» Input material
+===+

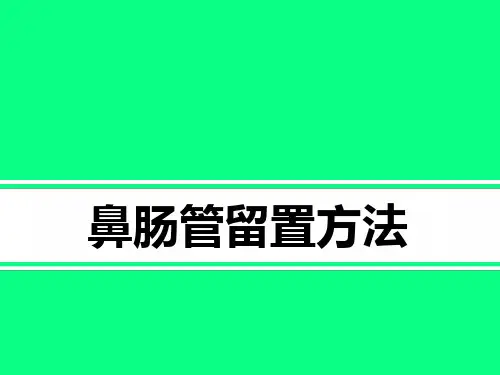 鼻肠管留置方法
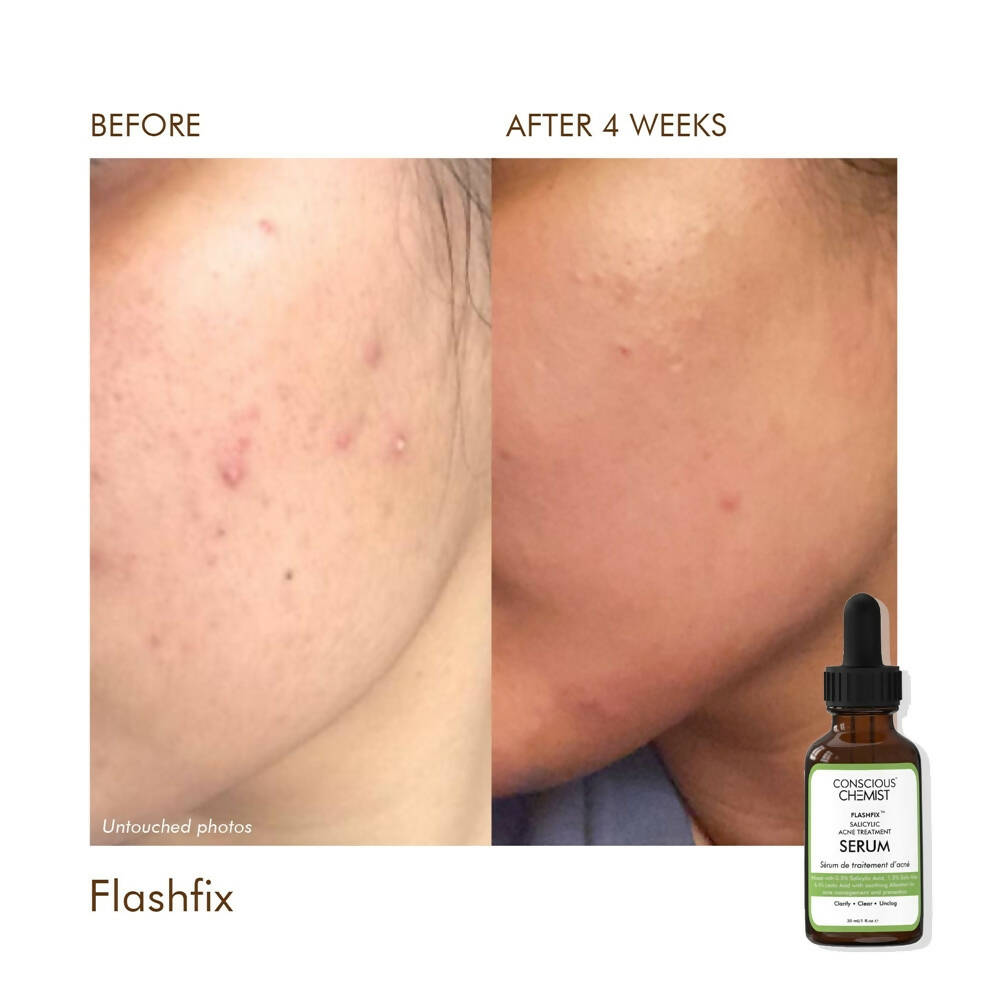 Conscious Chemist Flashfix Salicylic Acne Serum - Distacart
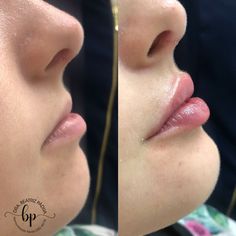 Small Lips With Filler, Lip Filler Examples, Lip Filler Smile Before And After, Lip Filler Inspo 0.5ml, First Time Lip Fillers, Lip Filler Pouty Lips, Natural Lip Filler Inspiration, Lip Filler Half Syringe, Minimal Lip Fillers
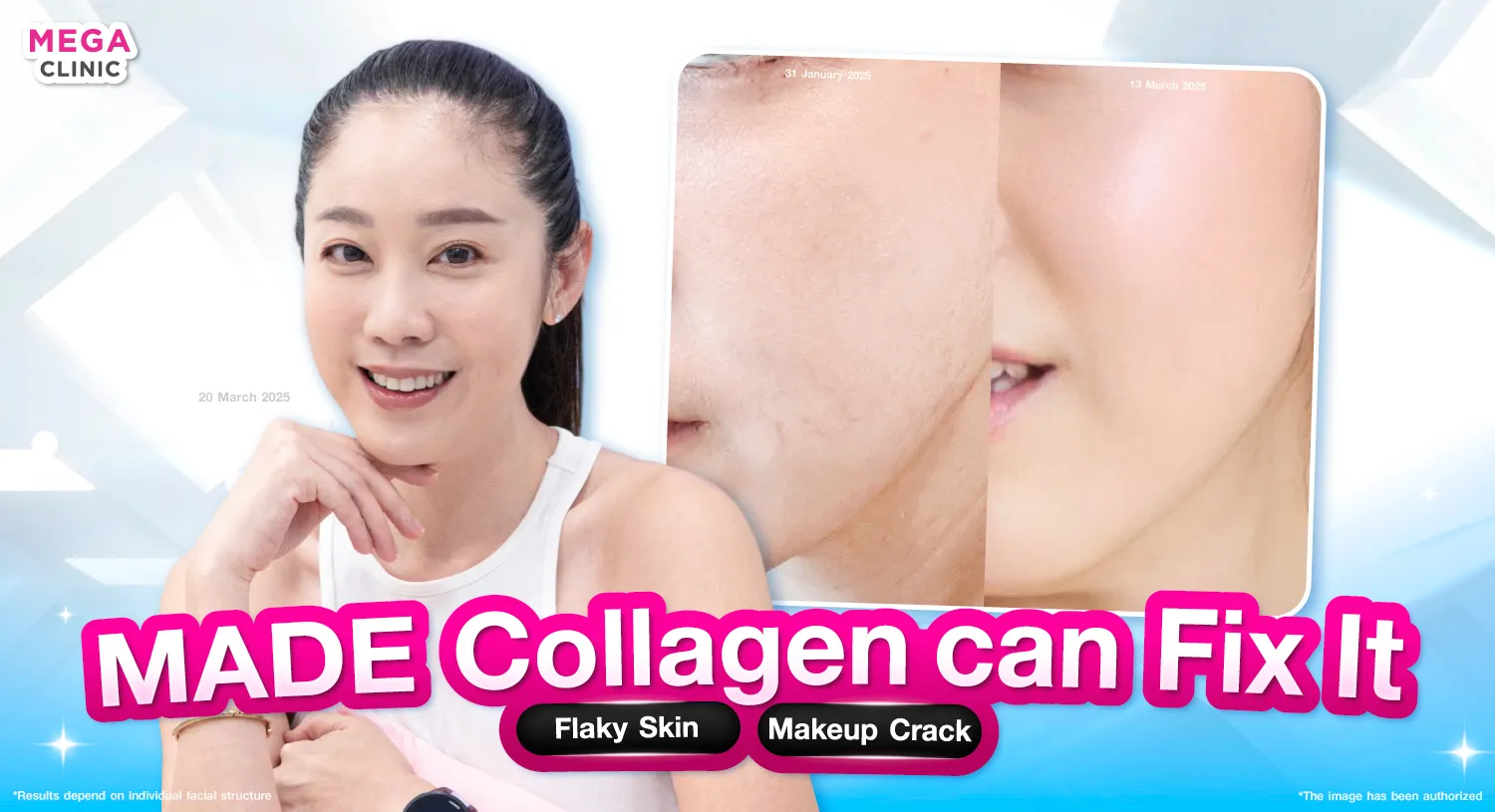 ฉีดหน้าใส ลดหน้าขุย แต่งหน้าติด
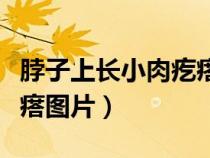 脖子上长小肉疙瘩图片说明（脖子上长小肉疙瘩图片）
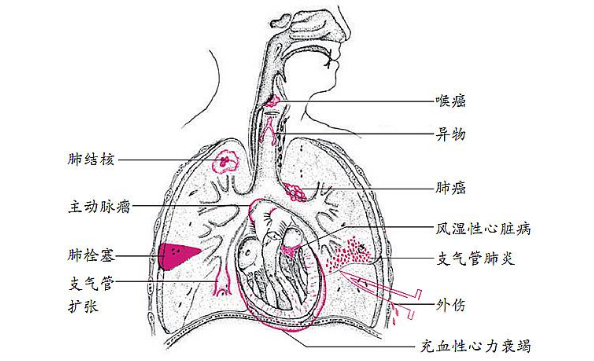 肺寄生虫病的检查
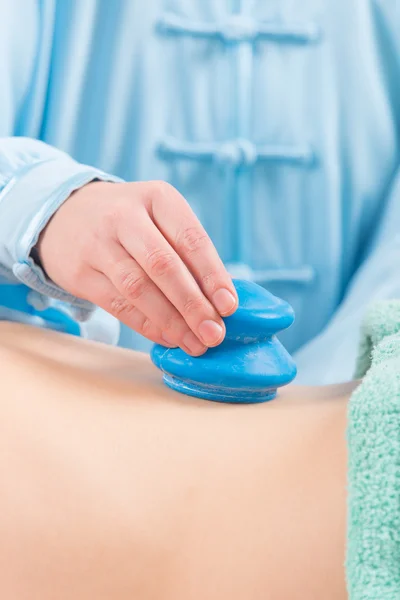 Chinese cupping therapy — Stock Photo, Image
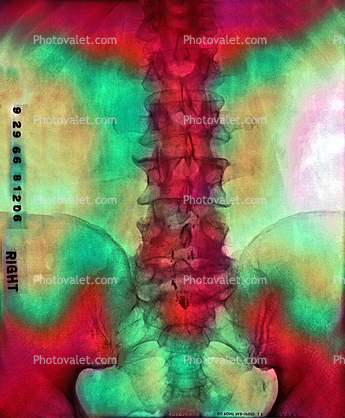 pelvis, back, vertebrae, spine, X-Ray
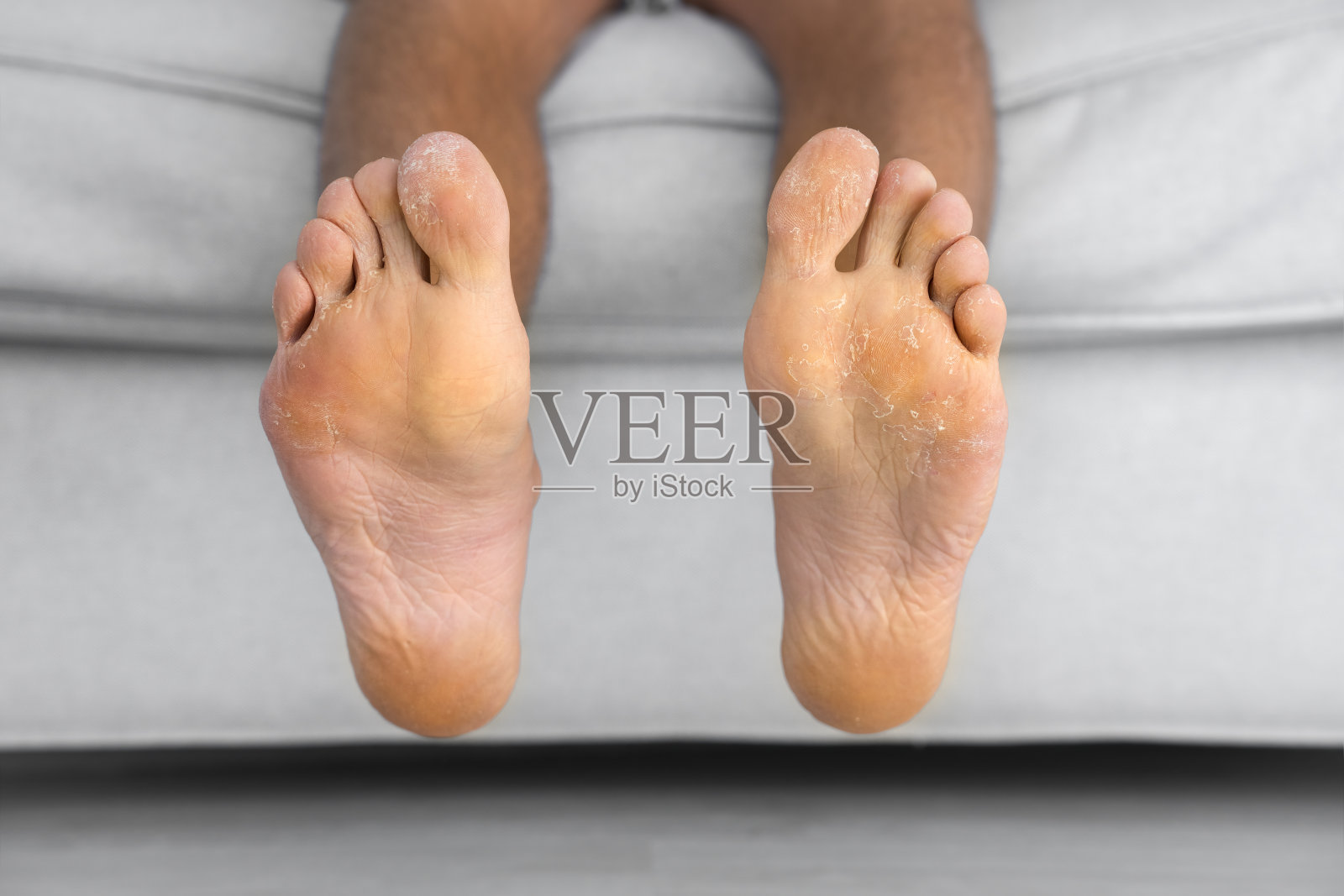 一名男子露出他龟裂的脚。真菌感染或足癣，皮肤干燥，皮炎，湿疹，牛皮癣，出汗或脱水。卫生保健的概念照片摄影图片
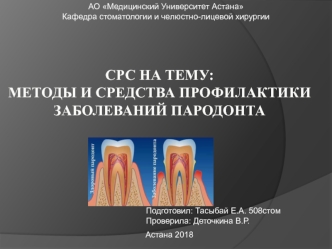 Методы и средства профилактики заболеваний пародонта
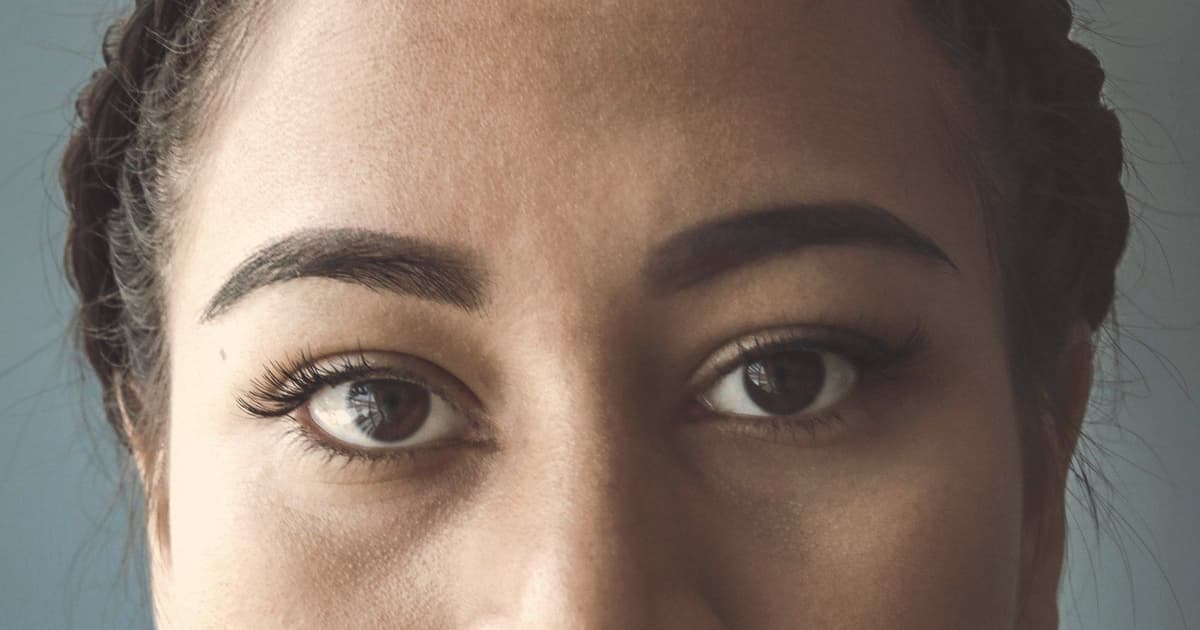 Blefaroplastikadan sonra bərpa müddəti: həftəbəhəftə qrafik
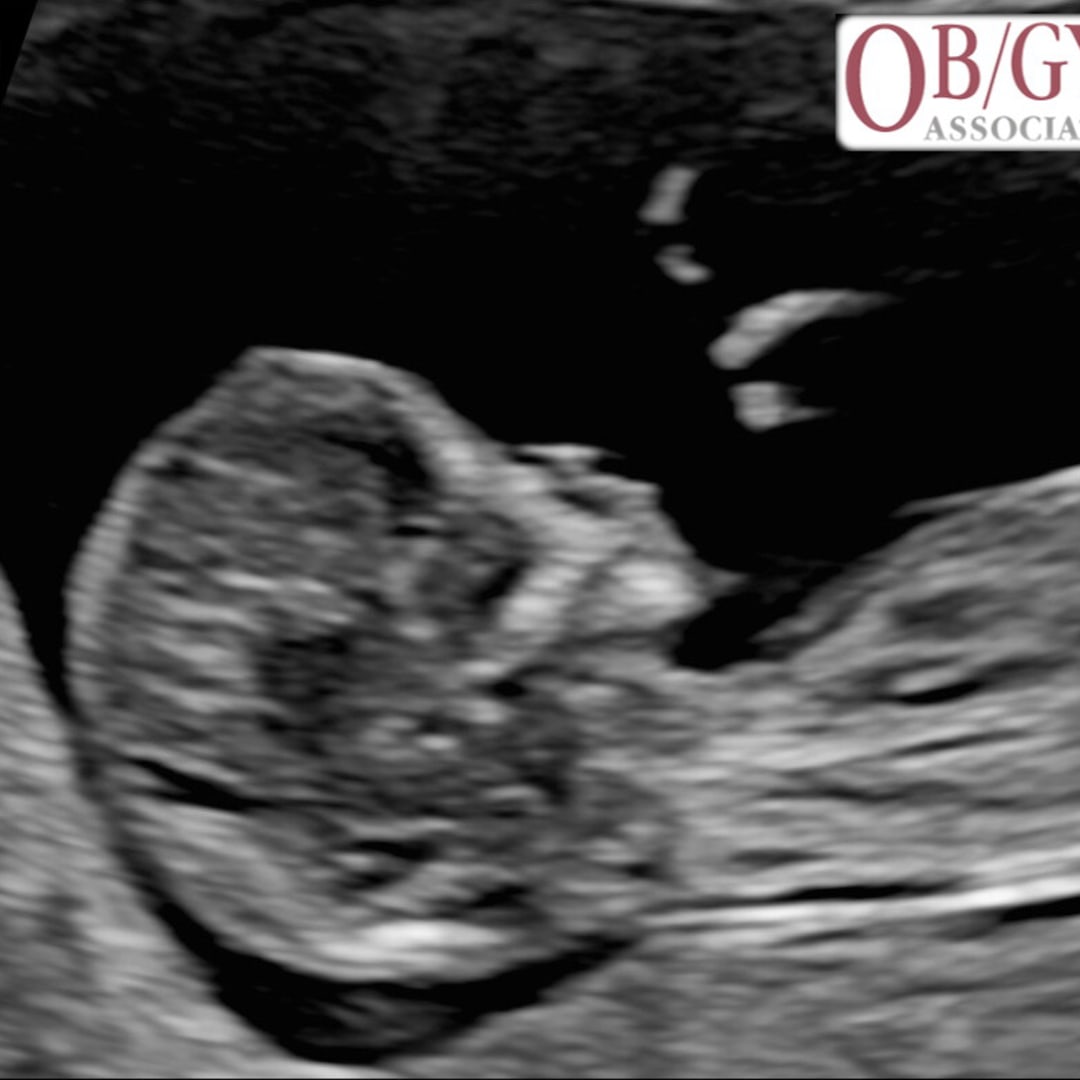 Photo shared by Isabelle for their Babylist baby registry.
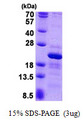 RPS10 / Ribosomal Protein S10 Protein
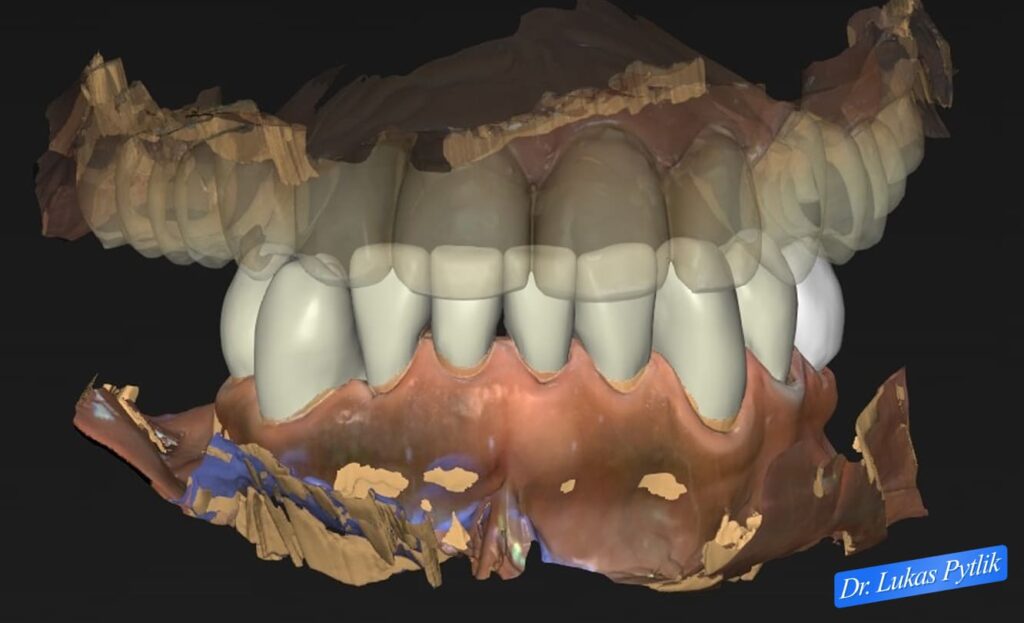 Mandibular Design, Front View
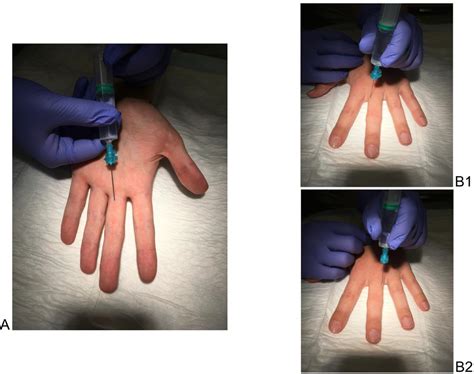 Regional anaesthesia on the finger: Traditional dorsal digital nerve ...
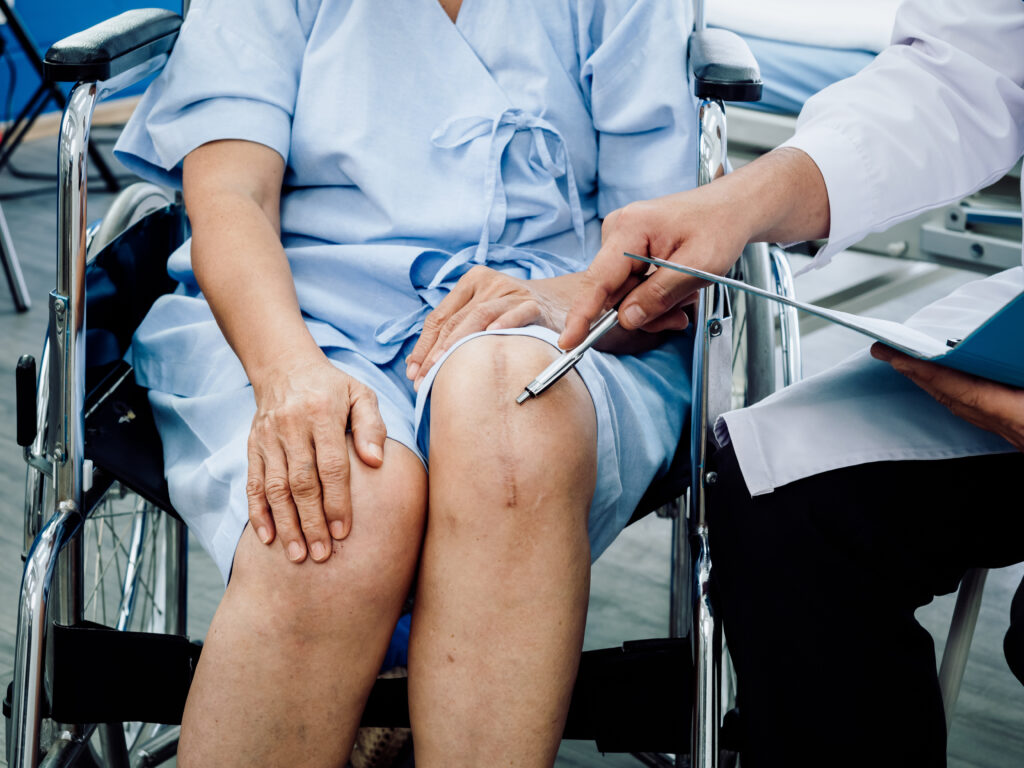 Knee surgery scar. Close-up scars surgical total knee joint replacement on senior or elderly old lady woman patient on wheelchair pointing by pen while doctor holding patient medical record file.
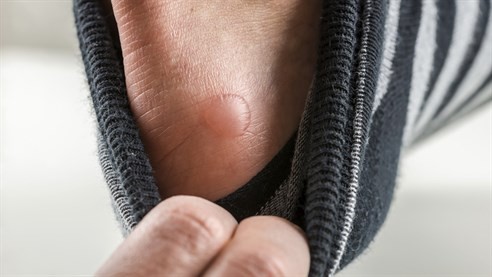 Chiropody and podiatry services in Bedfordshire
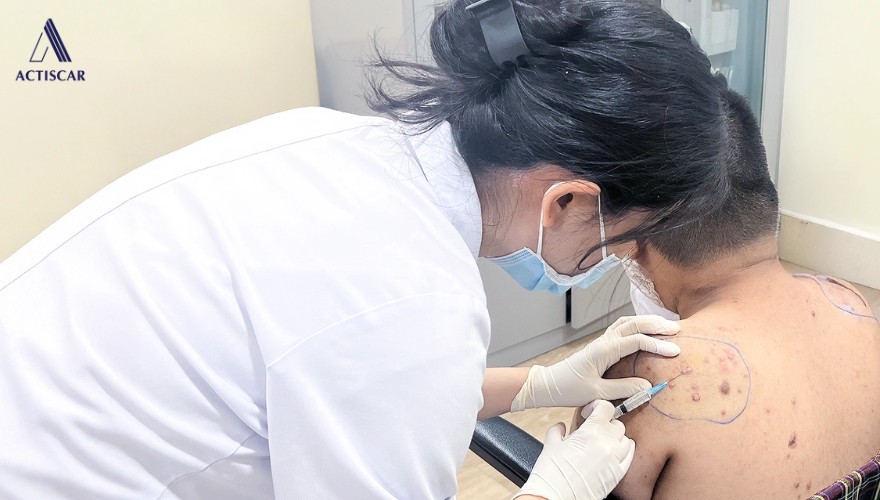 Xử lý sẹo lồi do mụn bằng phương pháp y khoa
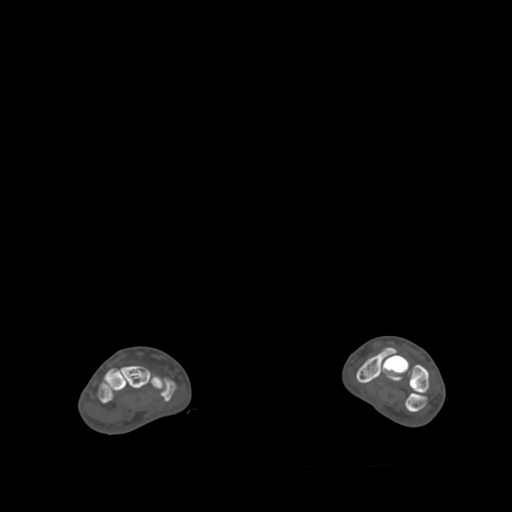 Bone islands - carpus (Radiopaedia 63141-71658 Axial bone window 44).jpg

+===+

» What is required
Only the lines starting at the one with "Mandibular Design, Front View" and ending at the one with "Xử lý sẹo lồi do mụn bằng phương pháp y khoa" should be printed, each exactly as it appears in the material above; the pictures are to be omitted.

» Result of the exercise
 Mandibular Design, Front View
 Regional anaesthesia on the finger: Traditional dorsal digital nerve ...
 Knee surgery scar. Close-up scars surgical total knee joint replacement on senior or elderly old lady woman patient on wheelchair pointing by pen while doctor holding patient medical record file.
 Chiropody and podiatry services in Bedfordshire
 Xử lý sẹo lồi do mụn bằng phương pháp y khoa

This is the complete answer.